Faut-il déclarer un bien immobilier à l’étranger ?
Posséder un bien immobilier à l’étranger soulève de nombreuses questions fiscales pour les résidents français. Entre obligations de déclaration, imposition des revenus locatifs et des plus-values, le cadre législatif français impose une vigilance accrue. Quel que soit le pays d’implantation du bien, les règles fiscales françaises encadrent strictement la déclaration et la taxation, avec des nuances selon la localisation et la nature de l’usage du bien. Mieux comprendre ces obligations permet d’éviter des sanctions financières et d’optimiser sa situation fiscale.
Obligations fiscales françaises concernant la déclaration des biens immobiliers à l’étranger
Un résident fiscal français qui possède un bien immobilier hors de France doit en principe le déclarer à l’administration fiscale. Cette exigence s’applique particulièrement si le bien génère des revenus locatifs. Ces revenus doivent être déclarés comme s’ils provenaient d’un bien situé en France. En effet, la loi fiscale française impose de prendre en compte l’ensemble des actifs, quel que soit leur lieu de situation, sauf dispositions contraires prévues par des conventions fiscales internationales.

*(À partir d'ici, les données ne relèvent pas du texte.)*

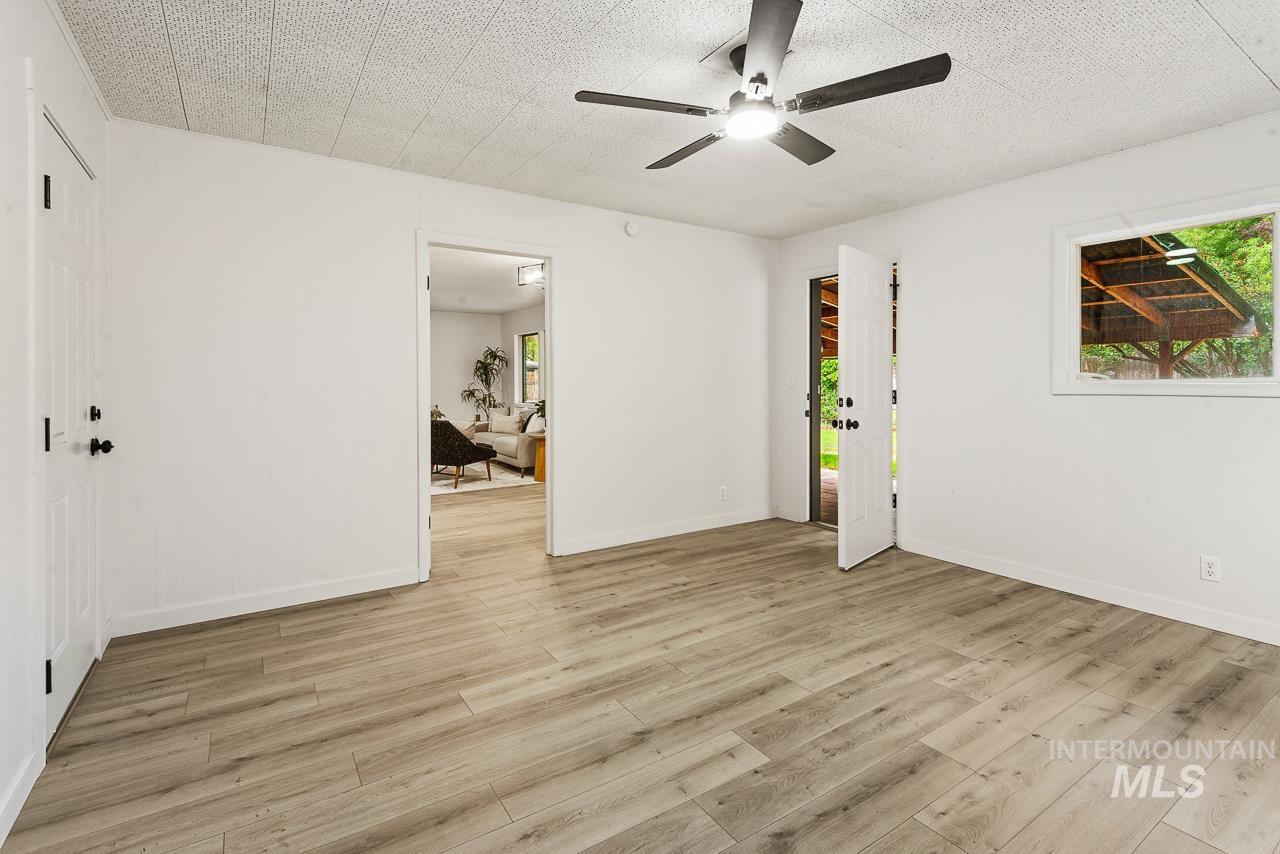 2110 S Broadmoor Dr Property Photo 24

Une convention fiscale entre la France et le pays où le bien est situé peut aménager ces règles. Généralement, elle prévoit que les plus-values issues de la cession d’un bien immobilier sont imposables dans le pays d’implantation. Mais, une double imposition partielle peut subsister, nécessitant une déclaration spécifique afin de bénéficier d’un crédit d’impôt en France.
Déclaration des revenus immobiliers à l’étranger et conventions fiscales
Lorsqu’un bien immobilier à l’étranger rapporte des loyers, ces revenus doivent être intégrés dans la déclaration de revenus française. La valeur locative est incluse dans le revenu global, et le taux d’imposition est déterminé en conséquence. La présence d’une convention fiscale peut offrir des exonérations ou un crédit d’impôt pour éviter la double imposition. En revanche, si le bien n’est pas loué, il n’est souvent pas nécessaire de déclarer son existence, à moins d’être soumis à l’impôt sur la fortune immobilière (IFI).

Les démarches à suivre pour déclarer et vendre un bien immobilier à l’étranger
En cas de vente d’un bien immobilier situé à l’étranger, la plus-value réalisée est généralement imposable en France. Sans convention fiscale spécifique, elle est assujettie aux mêmes taux et règles que pour un bien situé en France. Le vendeur doit alors remplir une déclaration dédiée (formulaire n°2048-IMM pour un immeuble, n°2048-M pour des parts de sociétés immobilières) dans le mois suivant la cession.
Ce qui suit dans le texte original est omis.